The only proof that I could show is my _recommendation letter_ that I've volunteered in the ER. I am not sure if they would accept it in case they would require me to send a proof of employment.

Thank you guys.

*Source:*
https://www.nremt.org/nremt/EMTServices/open_pdf.asp?file=2010+Basic+cover+letter.pdf

https://www.nremt.org/nremt/EMTServices/open_pdf.asp?file=2010+Basic+form.pdf


----------



## brian321 (Aug 19, 2012)

*I'm in the same boat, what was your outcome?*

I haven't worked as an EMT and will need to recertify.
I don't think I need to rectify NREMT, because on the Contra Costa County, CA recertification application doesn't seem to require a NREMT revert.
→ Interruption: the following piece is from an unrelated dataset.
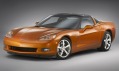 Běžné i speciální předešlé edice vozu Chevrolet Corvette: 2008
Contra Costa County, CA recert application does ask if you are working but does not seem to disqualify you if you are not working. It does not say anything about 6 months of working either.

can't post links properly yet

//cchealth.org/ems/certification.php

Just recertify County/State. And let NREMT lapse.

This could be a problem if you wanted to work in another state or county that requires current NREMT certification.


----------



## DesertMedic66 (Aug 19, 2012)

brian321 said:


> I haven't worked as an EMT and will need to recertify.
> I don't think I need to rectify NREMT, because on the Contra Costa County, CA recertification application doesn't seem to require a NREMT revert.
> 
> Contra Costa County, CA recert application does ask if you are working but does not seem to disqualify you if you are not working. It does not say anything about 6 months of working either.
> ...



If you haven't worked as an EMT then you are unable to recert for the NREMT. If it is your first time applying thru Contra Costa County (as well as anywhere in California) you need to have a valid NREMT certificate.


----------